> [Task description]
Apart from the pictures, every part of the records below gets retyped exactly.

> [Task inputs]
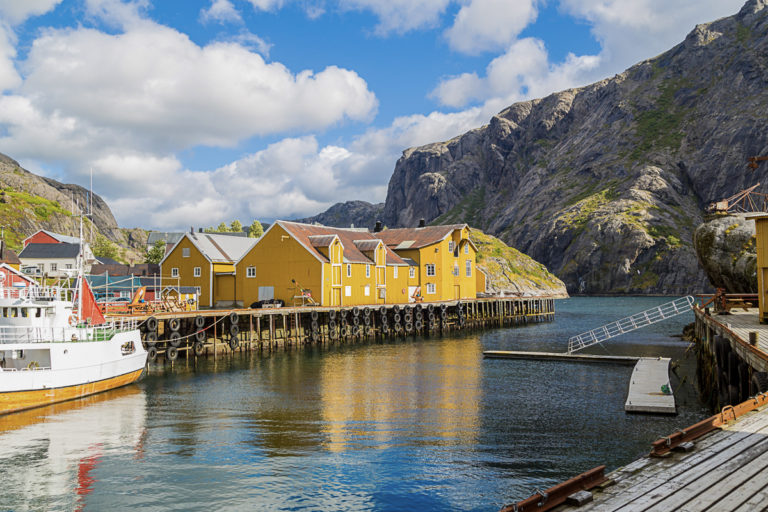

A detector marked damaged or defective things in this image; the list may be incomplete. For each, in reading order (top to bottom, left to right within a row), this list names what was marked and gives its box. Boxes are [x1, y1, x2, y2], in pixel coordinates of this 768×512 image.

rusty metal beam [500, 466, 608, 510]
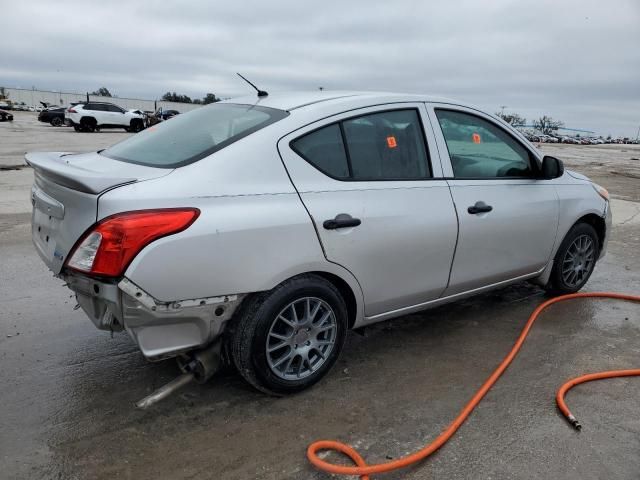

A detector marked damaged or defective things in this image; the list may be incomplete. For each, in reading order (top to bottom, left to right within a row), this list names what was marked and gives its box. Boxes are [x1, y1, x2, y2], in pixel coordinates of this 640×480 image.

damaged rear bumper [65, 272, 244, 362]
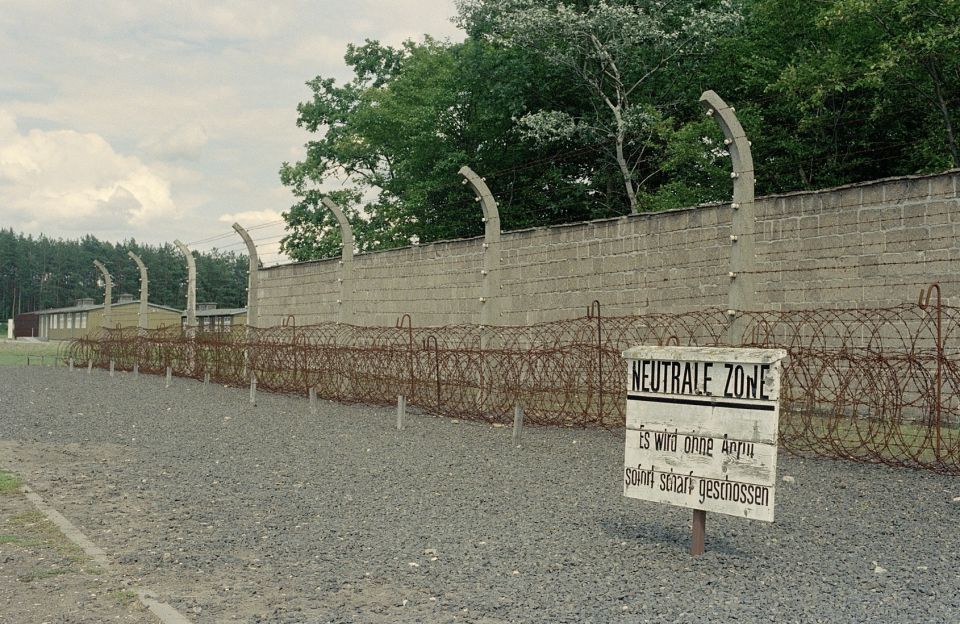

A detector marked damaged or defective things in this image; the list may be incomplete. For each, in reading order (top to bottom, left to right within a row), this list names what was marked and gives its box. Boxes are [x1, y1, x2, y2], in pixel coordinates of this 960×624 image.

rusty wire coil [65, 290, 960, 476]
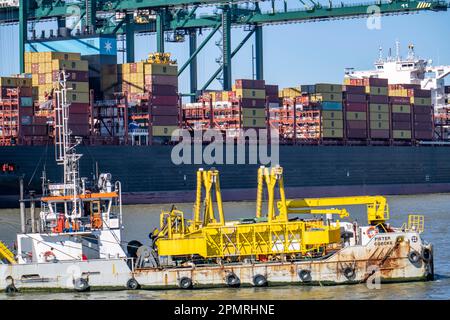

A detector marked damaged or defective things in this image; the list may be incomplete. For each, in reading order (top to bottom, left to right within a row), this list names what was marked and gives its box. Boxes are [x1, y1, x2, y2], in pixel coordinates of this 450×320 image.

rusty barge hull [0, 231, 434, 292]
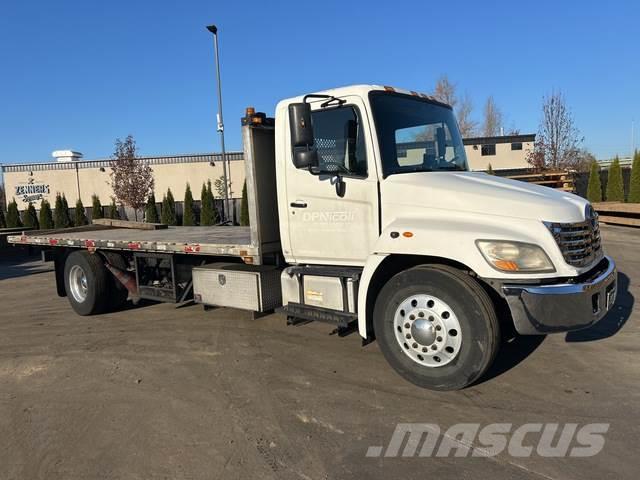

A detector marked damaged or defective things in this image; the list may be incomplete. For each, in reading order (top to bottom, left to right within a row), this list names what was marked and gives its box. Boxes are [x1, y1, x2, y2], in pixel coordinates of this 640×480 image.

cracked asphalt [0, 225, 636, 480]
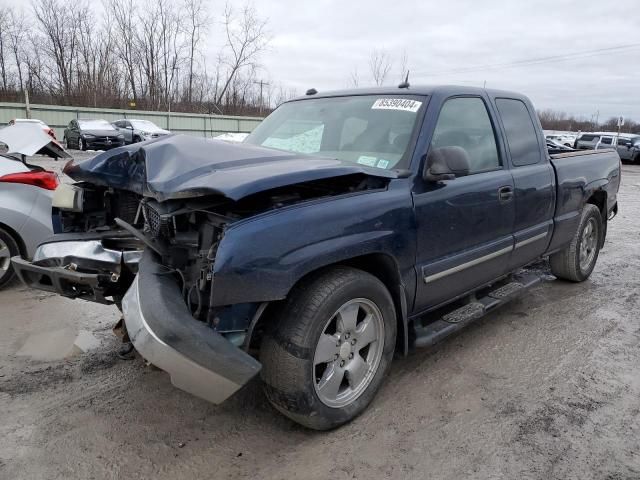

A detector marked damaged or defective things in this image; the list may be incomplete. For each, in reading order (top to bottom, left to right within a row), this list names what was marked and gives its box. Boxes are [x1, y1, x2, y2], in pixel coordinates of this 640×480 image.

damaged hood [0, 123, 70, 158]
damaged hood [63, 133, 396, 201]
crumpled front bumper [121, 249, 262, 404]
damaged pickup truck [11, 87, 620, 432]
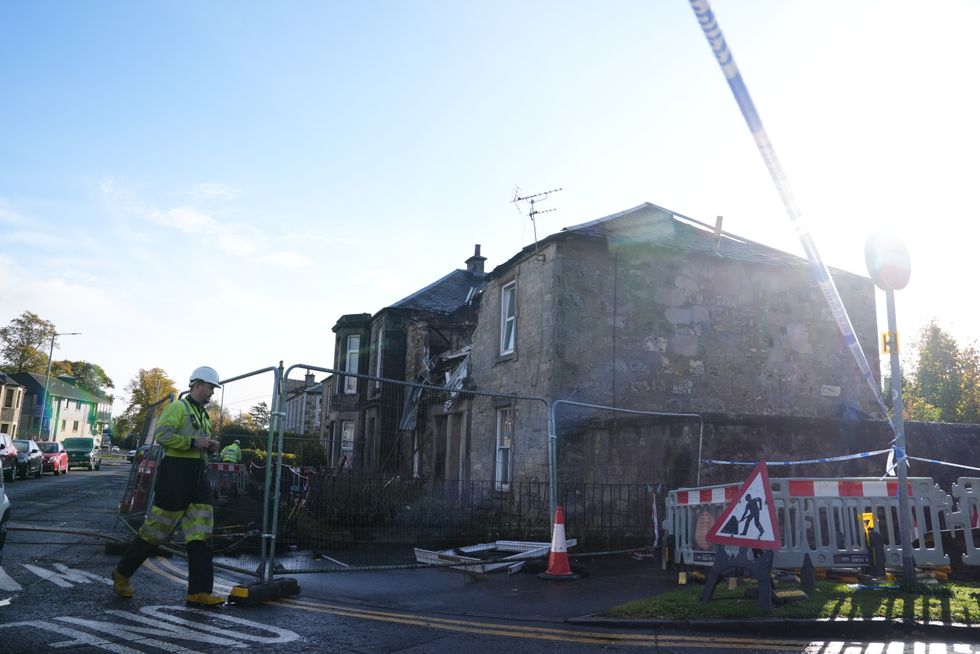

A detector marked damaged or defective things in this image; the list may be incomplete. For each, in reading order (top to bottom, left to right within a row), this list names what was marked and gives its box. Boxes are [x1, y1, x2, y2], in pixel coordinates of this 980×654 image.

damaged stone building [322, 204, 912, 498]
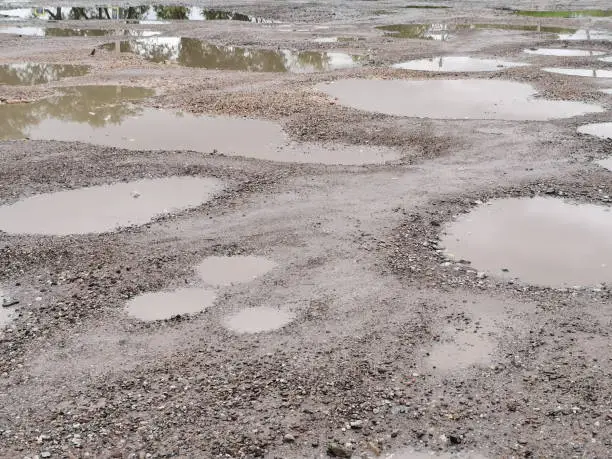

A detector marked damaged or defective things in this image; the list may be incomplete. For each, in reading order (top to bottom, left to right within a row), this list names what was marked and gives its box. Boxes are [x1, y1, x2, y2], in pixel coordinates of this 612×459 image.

> [Answer box]
A detector marked damaged or defective things in this image; the list may be incomplete. For each, in reading order (top to bottom, left to right within a row), this list names what was marked and gives its box. Boxes are [x1, y1, x2, y2], in pixel coordinates of this 768×512 image.

rusty metal beam [500, 466, 608, 510]

A detector marked damaged or defective things in this image; the list may be incomplete. For each, in reading order (top to bottom, left to right within a row), this list names what was marked and gives its box. Boxes are [x1, y1, x2, y2], in pixel coordinates of this 640×480 image.

damaged rear bumper [65, 272, 244, 362]

A detector marked damaged or defective things in this image; the list may be incomplete. For each, in reading order (top to bottom, left to right within a row), this list names what was marked and gives its box. Boxes are [x1, y1, x2, y2], in pixel coordinates of this 960×624 image.

rusty wire coil [65, 290, 960, 476]

A detector marked damaged or defective things in this image; the list may be incomplete. For each, in reading order (top to bottom, left to right within a row), this list names what was marked and gives its box. Boxes are [x1, y1, x2, y2], in pixel coordinates of this 450×320 image.

rusty barge hull [0, 231, 434, 292]

A detector marked damaged or defective things in this image; the list may be incomplete. For each, in reading order (top to bottom, left to right within a row), this list names what was marked and gives its box. Boxes are [x1, y1, x2, y2], in pixel coordinates of this 640×480 image.

cracked asphalt [0, 225, 636, 480]

A detector marked damaged or defective things in this image; the list may be incomplete. For each, in reading order (top to bottom, left to right within a row), this list names what was marked and gives its box. Boxes are [x1, y1, x2, y2], in pixel coordinates of this 640×480 image.

damaged hood [0, 123, 70, 158]
damaged hood [63, 133, 396, 201]
crumpled front bumper [121, 249, 262, 404]
damaged pickup truck [11, 87, 620, 432]

A detector marked damaged or defective things in this image; the list may be incomplete. For each, in reading order (top to bottom, left to right within a row), this list names what was marked and gives its box. Boxes are [x1, y1, x2, y2], in pixel coordinates of this 980×654 image.

damaged stone building [322, 204, 912, 498]

A detector marked damaged or defective things in this image; the list may be incomplete. For each, in reading order (top to bottom, left to right within a row), this list names what was marked and gives its box. Boxes are [x1, y1, x2, y2], in pixel coordinates of this 612×459 image.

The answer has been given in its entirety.